Somewhere Over Apia
I'm not telling you to make the world better, because I don't think that progress is necessarily part of the package. I'm just telling you to live in it. Not just to endure it, not just to suffer it, not just to pass through it, but to live in it. To look at it. To try to get the picture. To live recklessly. To take chances. To make your own work and take pride in it. To seize the moment. And if you ask me why you should bother to do that, I could tell you that the grave's a fine and private place, but none I think do there embrace. Nor do they sing there, or write, or argue, or see the tidal bore on the Amazon, or touch their children. And that's what there is to do and get it while you can and good luck at it. -Joan Baez
I’m somewhere over a tiny island called Apia with wifi on United Airlines. My head is pounding from lack of sleep. It is 8:44A back home and 2:44A in Melbourne where I am landing. It is -52 degrees fahrenheidt outside. Every time I fly, I am struck with the impossibility of it all. The fact that we are hurting at about 542 miles per hour through the sky, in a tube, with over 100 other people. We are all breathing the same filtered cabin air. We are all sitting as comfortably as we can in our seats. What an enormous privilege it is to be in the sky.

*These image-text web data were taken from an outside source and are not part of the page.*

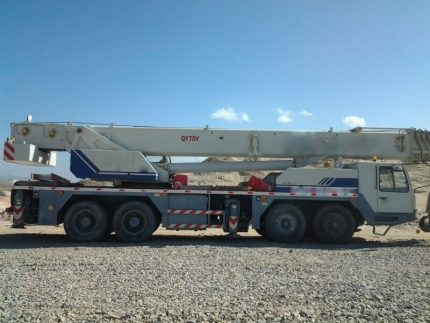 ZOOMLION QY70V 2009 E 2010 70 TON.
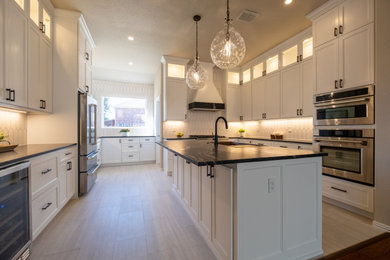 Home design - large traditional home design idea in Dallas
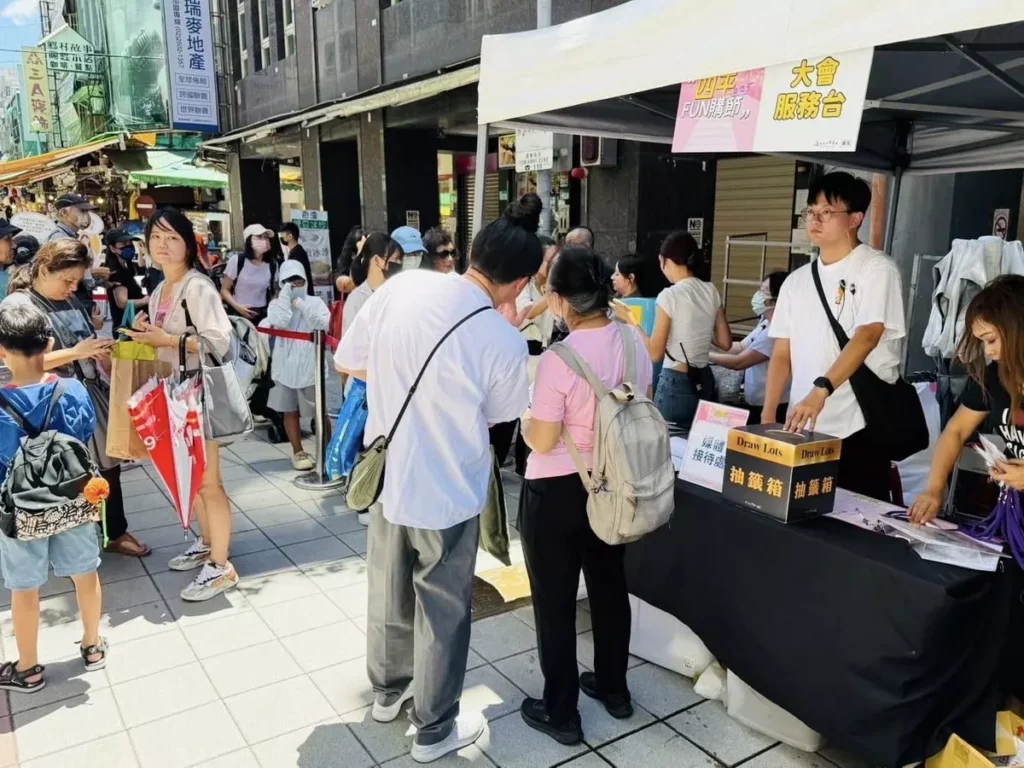 「幸運推手」扭蛋活動不僅能轉出「四平FUN購券、幸運餅乾及特約店家優惠」，用寶特瓶兌換還可以響應ESG環保理念！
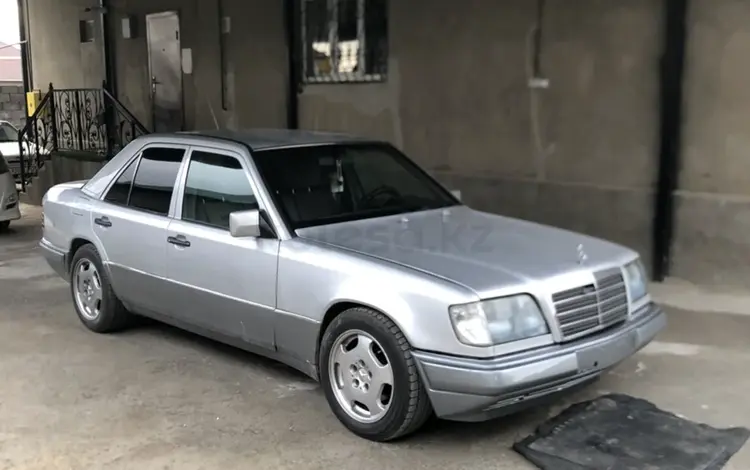 Mercedes-Benz E 220 1994 годаүшін2 650 000 тг. в Шымкент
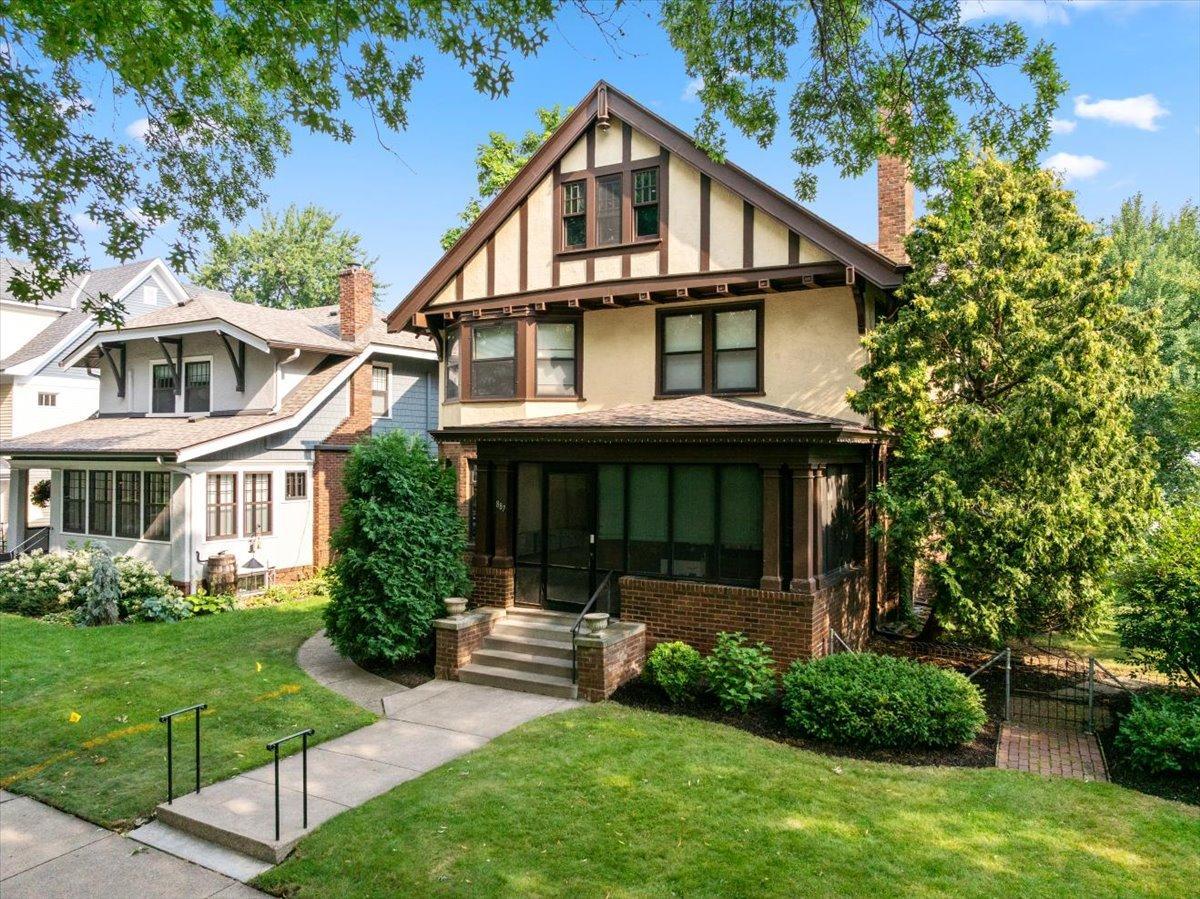 887 Ashland Avenue
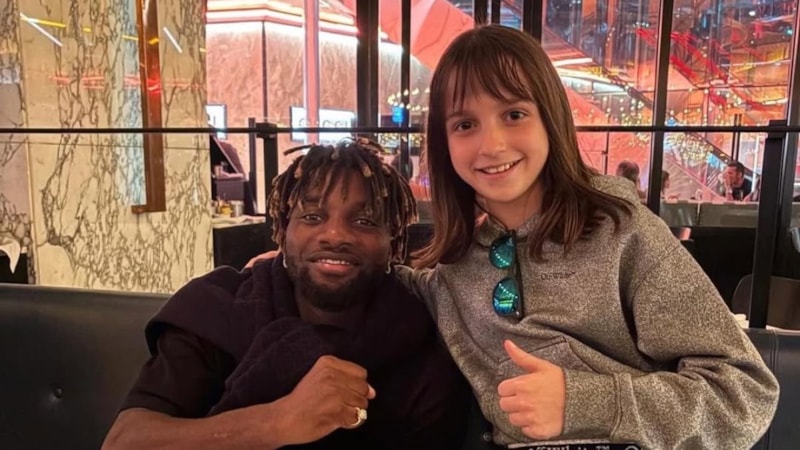 Aziz Yıldırım'ın kızı Yaz, Reece James ile görüntülü görüştü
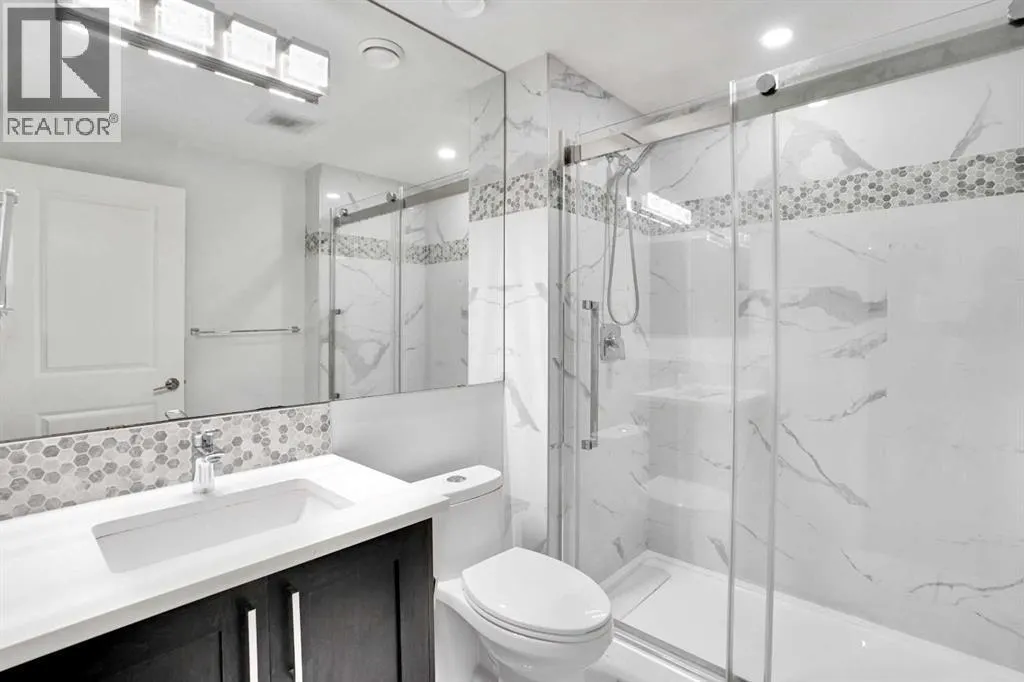 72 Panamount Manor NW
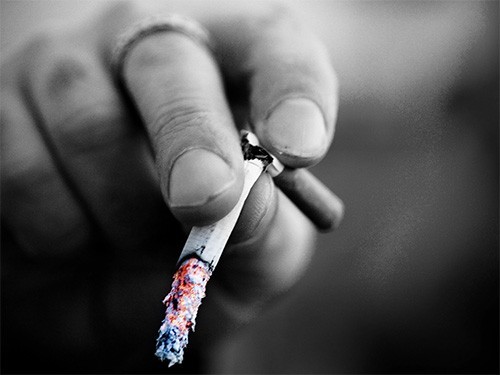 Заядлые курильщики рискуют остаться без цветового зрения — МедНовости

I have no business to be traveling at this point in time. I own a small business that is doing well, but not quite ‘international travel’ well. The only way I am able to afford trips like this is through travel points, which accumulate rather quickly on business credit cards. It is a funny thing, the guilt that accompanies traveling as a small-business owner. The preconceived notion that small businesses should be tied to their work, like farmers, like artists, and not able to leave. I don’t know if it is just me putting that pressure on myself, or if there is some sort of set expectation that we hold the ‘service industry’ to.
Either way, I am embarking on this trip with the eagerness of a 9-5er who is taking their annual vacation. While mine is not paid, I do feel confident about the shop and the women I have running it. I updated the employee manual, set clear expectations, and have three sets of hands and eyes on the shop while I am away. I trust these ladies to show up for the community while I am away. I have watched my business ebb and flow, and know I can make up for slow days of sales when I am home, and that my ‘job’ at the moment is to relish in the vacation I have carved for myself without feeling guilty. Easier said than done right? Sigh. Okay. Now to the vacation bit.
I feel a bit like a mom must feel when she hires a babysitter. Exhilirated and unsure what to do with the freedom. Who am I without the solidifying identity of ‘small business owner'.’ I was a million other me’s before this one, each of them a different iteration with a steadfast dedication to travel. I had no idea the luxury of being able to clock off work and be done with work. To be able to be completely and utterly left to whatever I chose to and wanted to do, knowing I had work and an income to return to tomorrow. Now, in my ‘free time’ I have to choose not to turn toward the pile of to-dos that my small business toddler demands. For now idyll can play with the aunties.
I was reading through blog posts from my last trip to Australia, and it looks like I planned the same sort of 30 minute layover that I am about to have in Melbourne. If all goes to plan, I’ll be boarding a plane to Hobart where my soul sister Nikki will be retrieving me from the airport, and we will be jetting straight down to the Peninsula. I am hesitant to talk about Tasmania because it is still so untouched, but in all seriousness I think I am giving my blog a bit too much credit to who might find it. Either way, Tassie calls to me. Beckons. Have you ever had that? A place that calls you to come home?
I must sleep a bit longer. Until tomorrow!